## GOAL OF THE EXERCISE
Every line from the one with "Tiana B. Women’s" up to and including the one with "The Row Ring" is to be output exactly as it appears below; pictures are not.

## DATASET RECORDS
------------------------------------
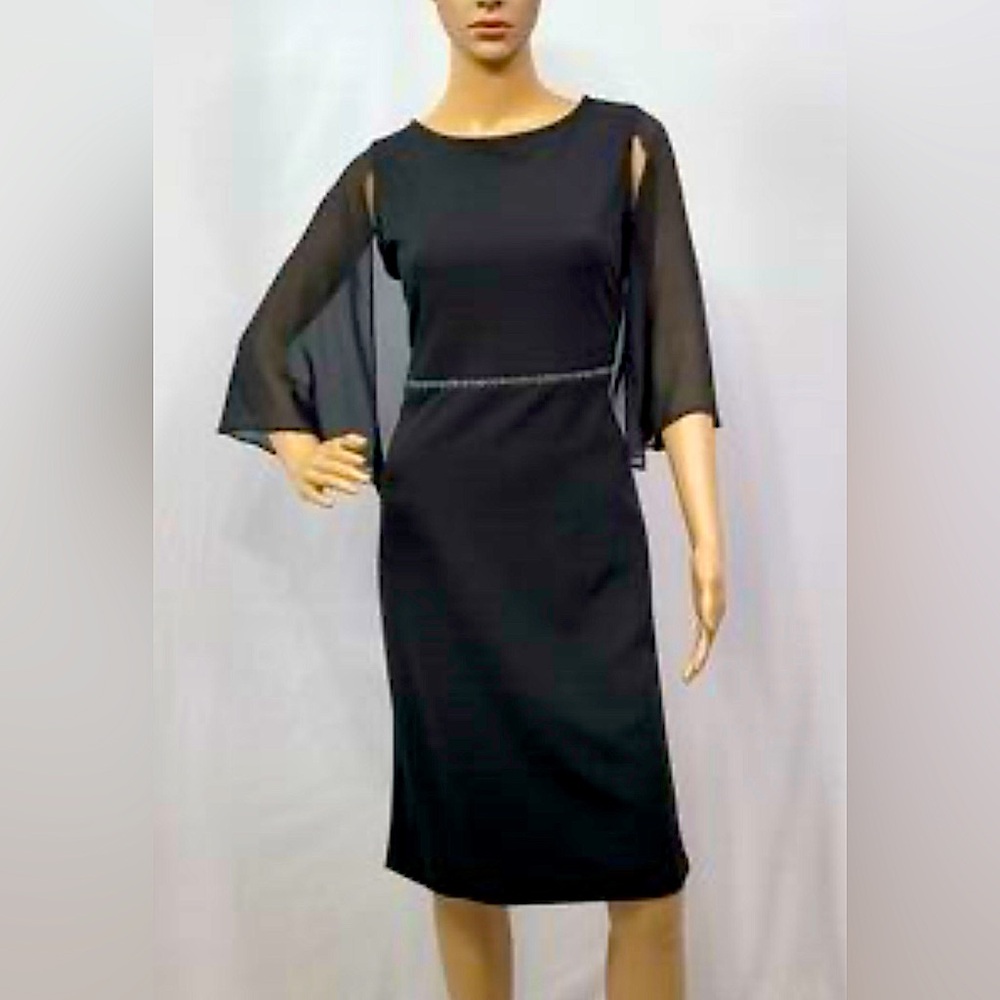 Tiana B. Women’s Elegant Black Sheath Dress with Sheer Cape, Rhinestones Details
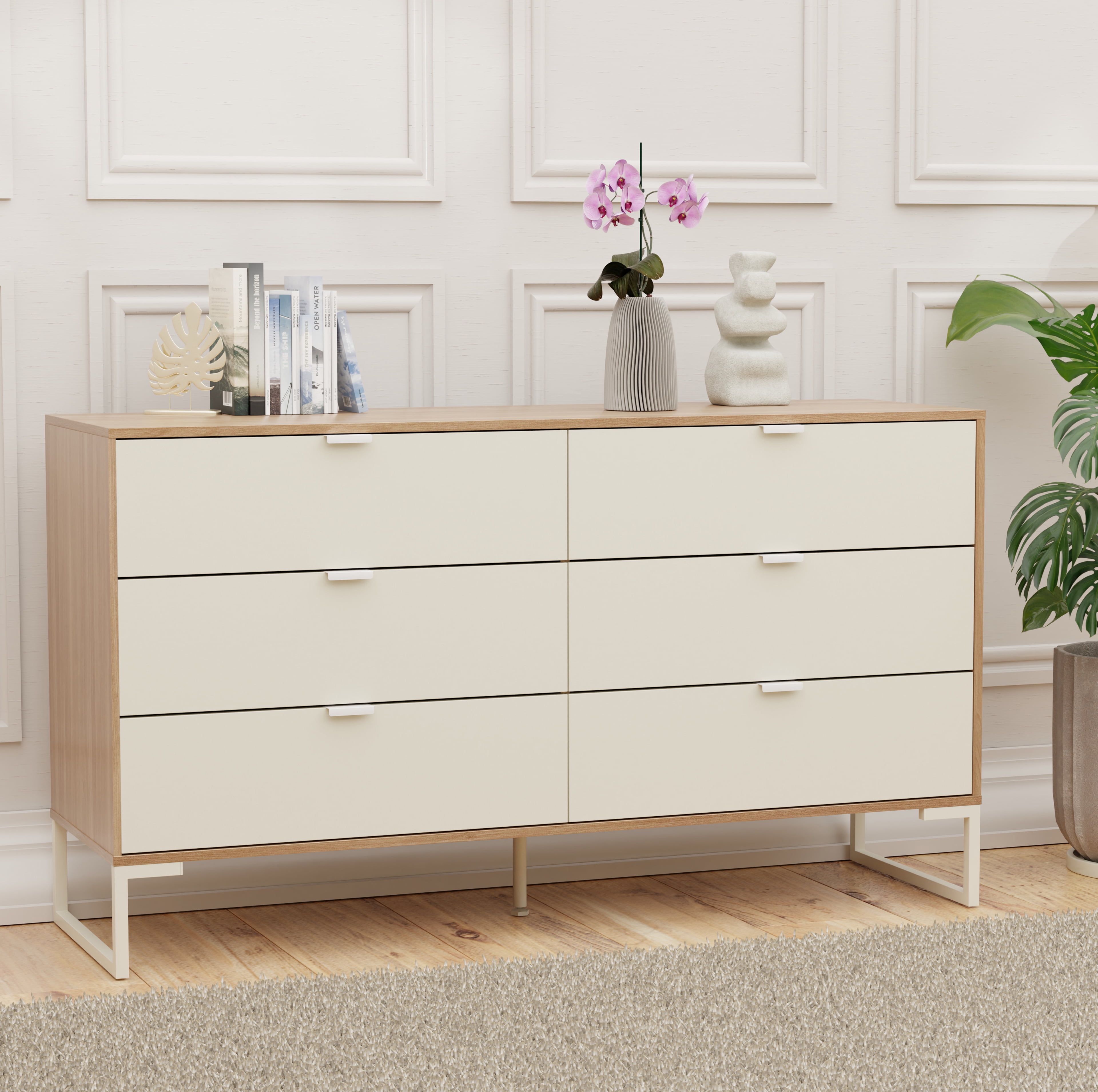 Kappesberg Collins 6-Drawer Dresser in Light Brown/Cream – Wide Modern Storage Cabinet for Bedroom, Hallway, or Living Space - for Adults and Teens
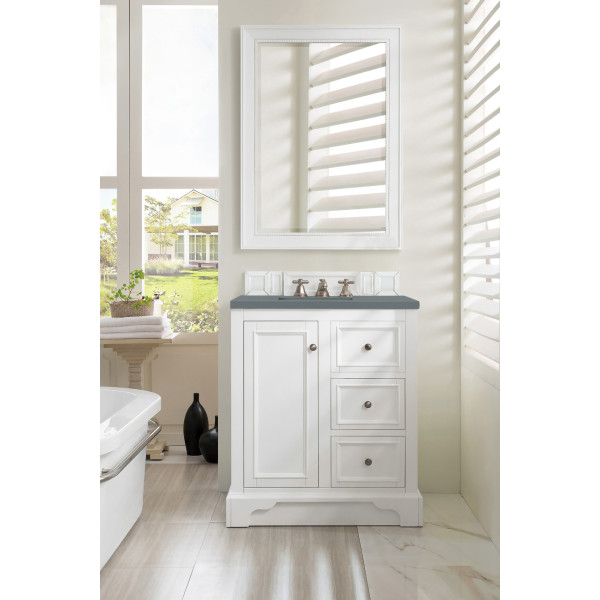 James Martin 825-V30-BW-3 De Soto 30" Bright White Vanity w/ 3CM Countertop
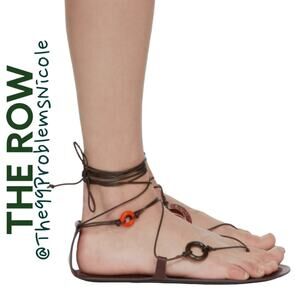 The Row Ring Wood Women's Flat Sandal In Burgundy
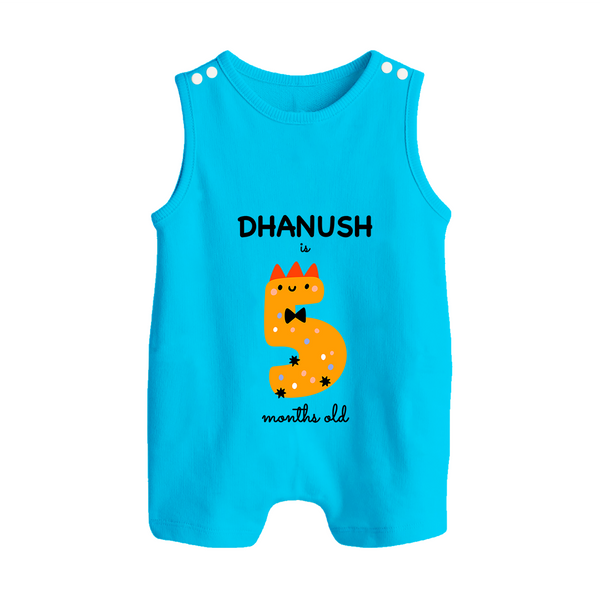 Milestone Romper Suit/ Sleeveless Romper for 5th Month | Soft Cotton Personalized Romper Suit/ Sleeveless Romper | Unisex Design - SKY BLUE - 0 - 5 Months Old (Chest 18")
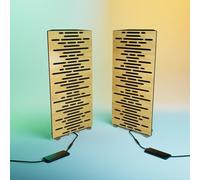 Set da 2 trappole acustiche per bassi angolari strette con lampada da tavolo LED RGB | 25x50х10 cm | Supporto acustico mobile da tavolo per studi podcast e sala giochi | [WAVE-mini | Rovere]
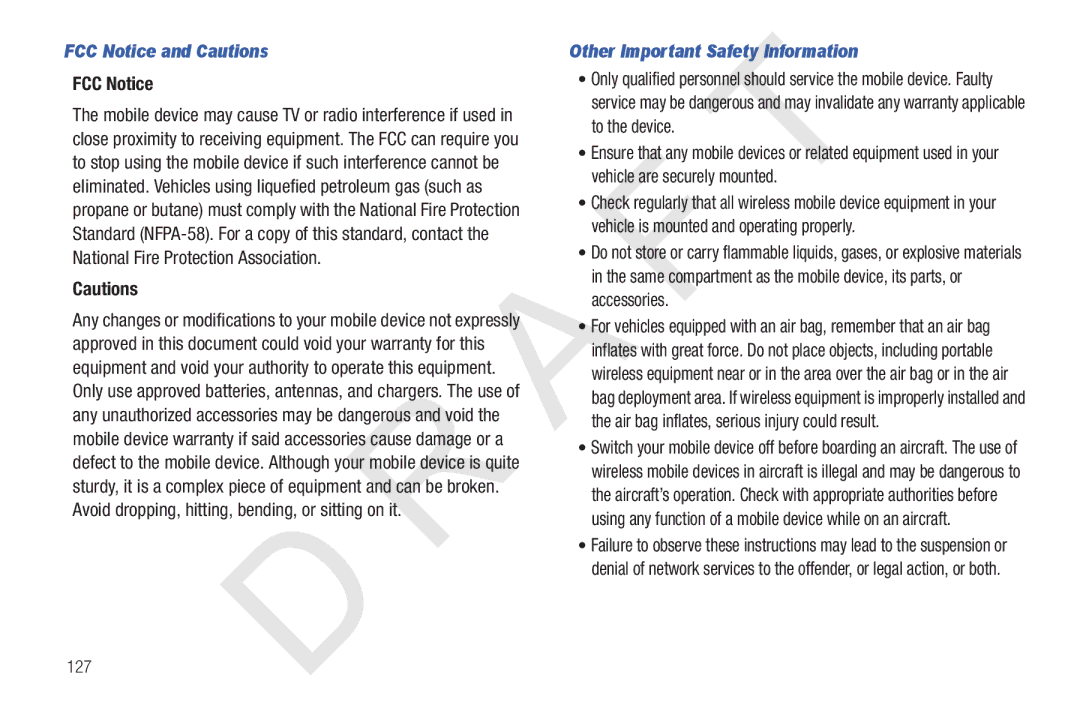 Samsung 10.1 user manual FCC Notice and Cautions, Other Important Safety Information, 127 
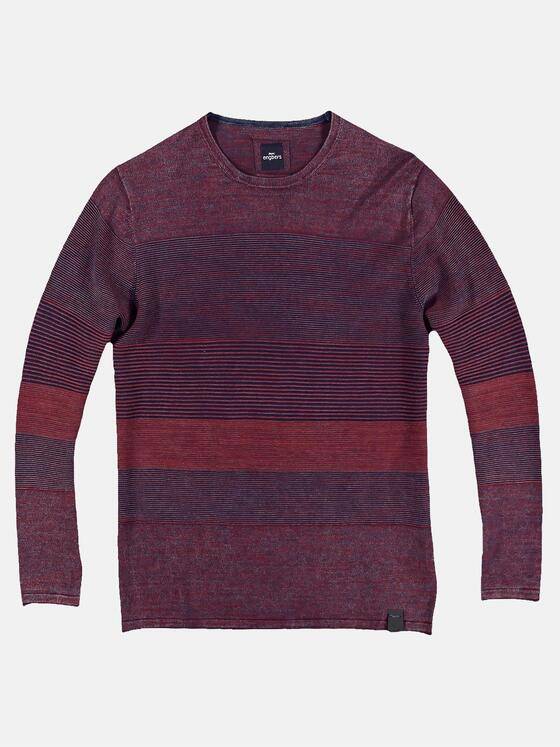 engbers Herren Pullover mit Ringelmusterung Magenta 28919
------------------------------------
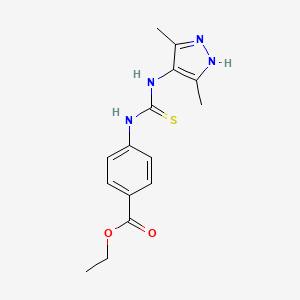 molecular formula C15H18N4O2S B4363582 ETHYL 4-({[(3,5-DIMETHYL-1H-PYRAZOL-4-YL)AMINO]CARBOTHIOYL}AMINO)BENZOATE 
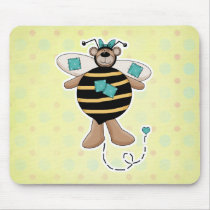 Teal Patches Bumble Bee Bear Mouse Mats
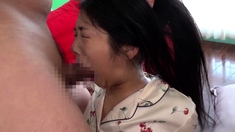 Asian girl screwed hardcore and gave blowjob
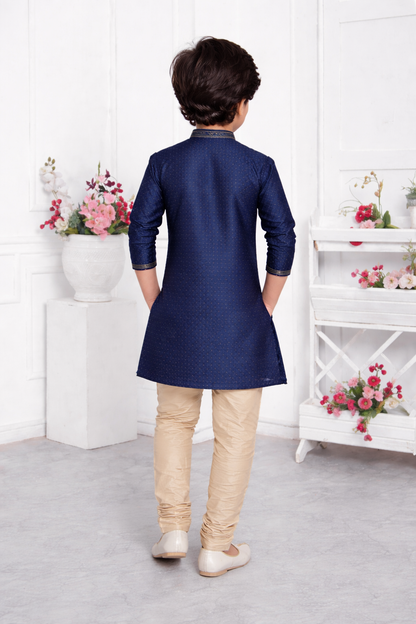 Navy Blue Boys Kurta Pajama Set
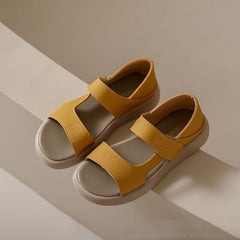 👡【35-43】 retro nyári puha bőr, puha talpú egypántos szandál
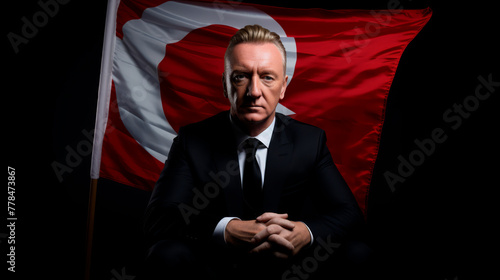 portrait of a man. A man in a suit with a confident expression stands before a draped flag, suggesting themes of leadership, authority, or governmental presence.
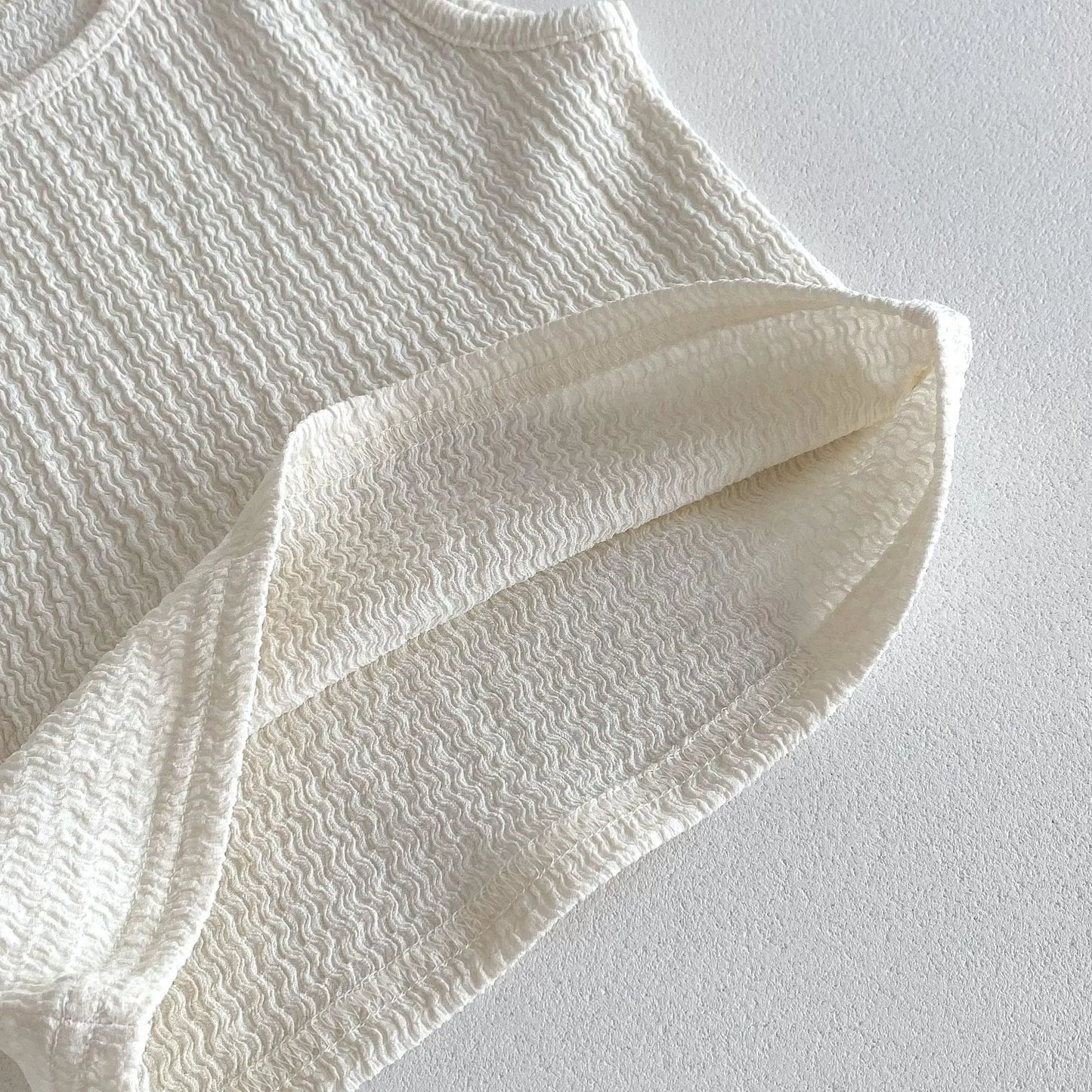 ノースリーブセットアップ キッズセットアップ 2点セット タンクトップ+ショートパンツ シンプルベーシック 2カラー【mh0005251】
------------------------------------
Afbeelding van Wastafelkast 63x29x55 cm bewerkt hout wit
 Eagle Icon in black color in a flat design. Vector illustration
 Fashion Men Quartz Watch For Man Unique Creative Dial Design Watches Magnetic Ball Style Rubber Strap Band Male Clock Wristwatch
------------------------------------
## SOLUTION FOR THIS PROBLEM
 Tiana B. Women’s Elegant Black Sheath Dress with Sheer Cape, Rhinestones Details
 Kappesberg Collins 6-Drawer Dresser in Light Brown/Cream – Wide Modern Storage Cabinet for Bedroom, Hallway, or Living Space - for Adults and Teens
 James Martin 825-V30-BW-3 De Soto 30" Bright White Vanity w/ 3CM Countertop
 The Row Ring Wood Women's Flat Sandal In Burgundy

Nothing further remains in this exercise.